PROBLEM TO SOLVE = If an entry contains a picture, omit that picture and transcribe everything else exactly.

EXCERPTED RECORDS =
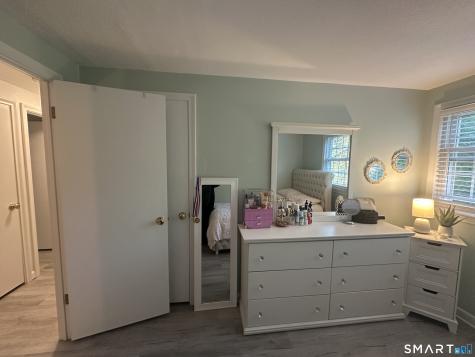 23 Seymour Road East Granby CT 06026
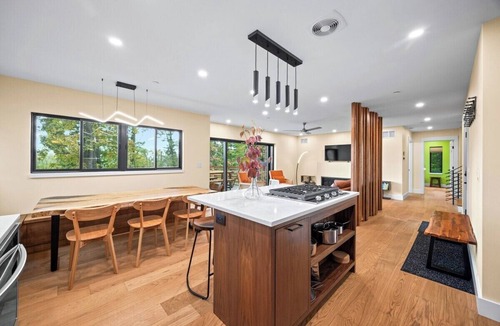 Bluff Point House | Keuka Lookout- A modern, 4 en suite bedroom home, overlooking Keuka Lake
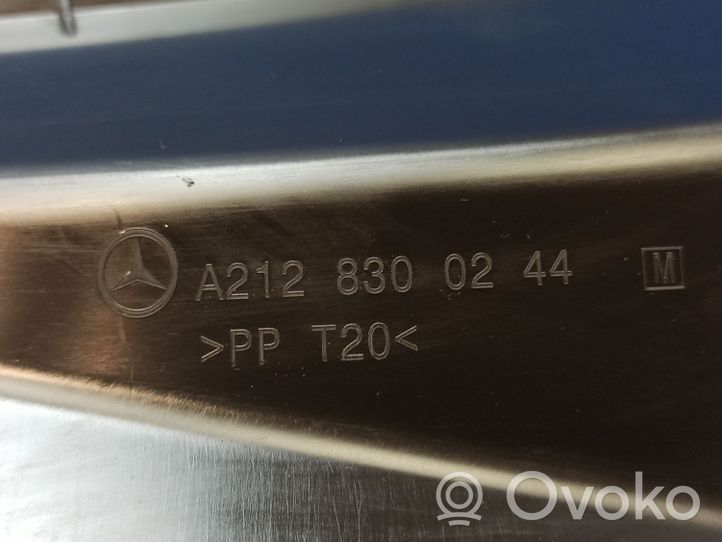 Mercedes-Benz E W212 Fuite d'eau A2128300244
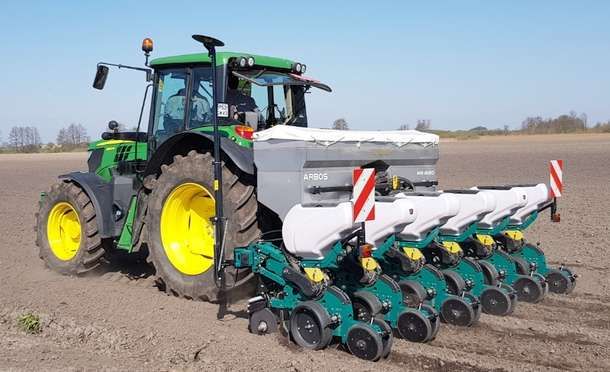 Siewnik punktowy ARBOS na ramie teleskopowej, z ciągnikiem John Deere Siewnik punktowy ARBOS na ramie teleskopowej, z ciągnikiem John Deere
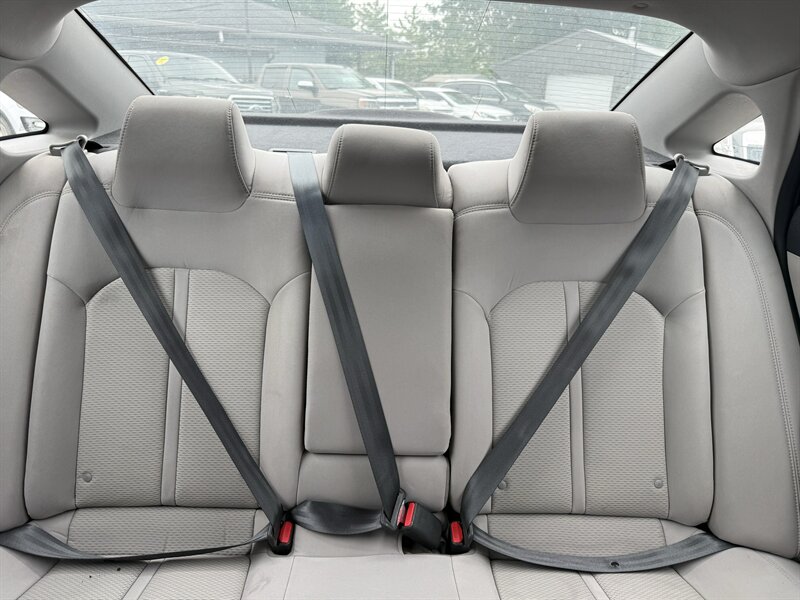2018 Hyundai SONATA SEL - Photo 10 - Lafayette, IN 47905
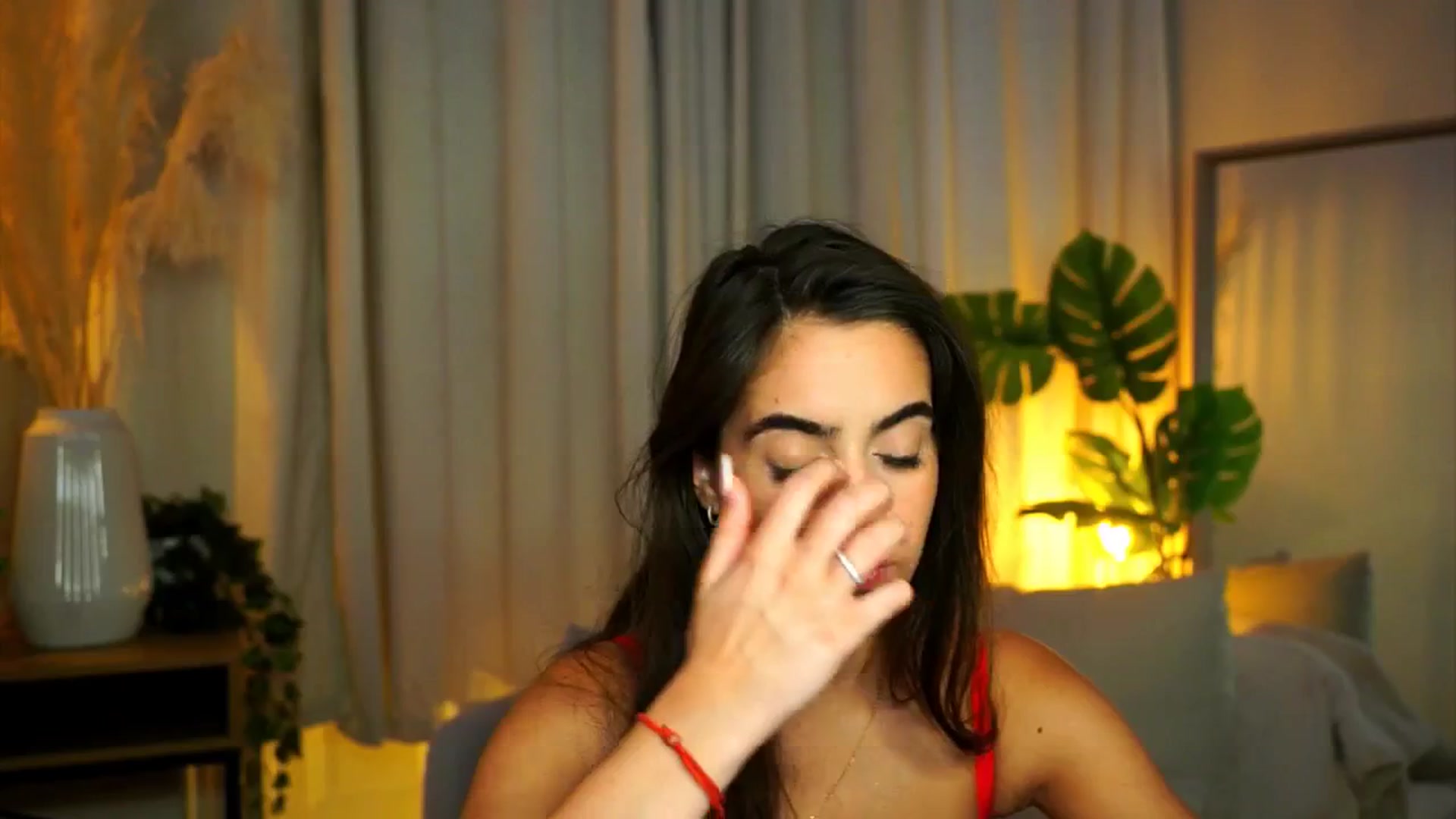 Gallery image thumbnail from milkyway_'s myfreecams stream on, 08/17/2025, 21:33 image 12 of 20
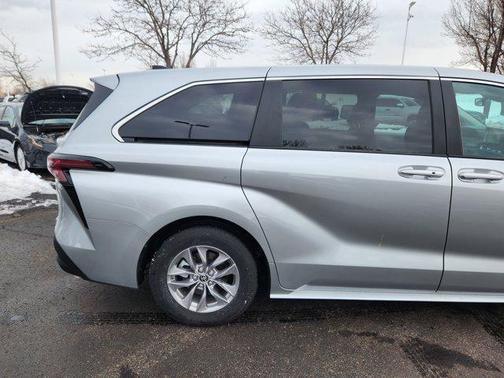 2025 Toyota Sienna LE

TASK RESPONSE =
 23 Seymour Road East Granby CT 06026
 Bluff Point House | Keuka Lookout- A modern, 4 en suite bedroom home, overlooking Keuka Lake
 Mercedes-Benz E W212 Fuite d'eau A2128300244
 Siewnik punktowy ARBOS na ramie teleskopowej, z ciągnikiem John Deere Siewnik punktowy ARBOS na ramie teleskopowej, z ciągnikiem John Deere
2018 Hyundai SONATA SEL - Photo 10 - Lafayette, IN 47905
 Gallery image thumbnail from milkyway_'s myfreecams stream on, 08/17/2025, 21:33 image 12 of 20
 2025 Toyota Sienna LE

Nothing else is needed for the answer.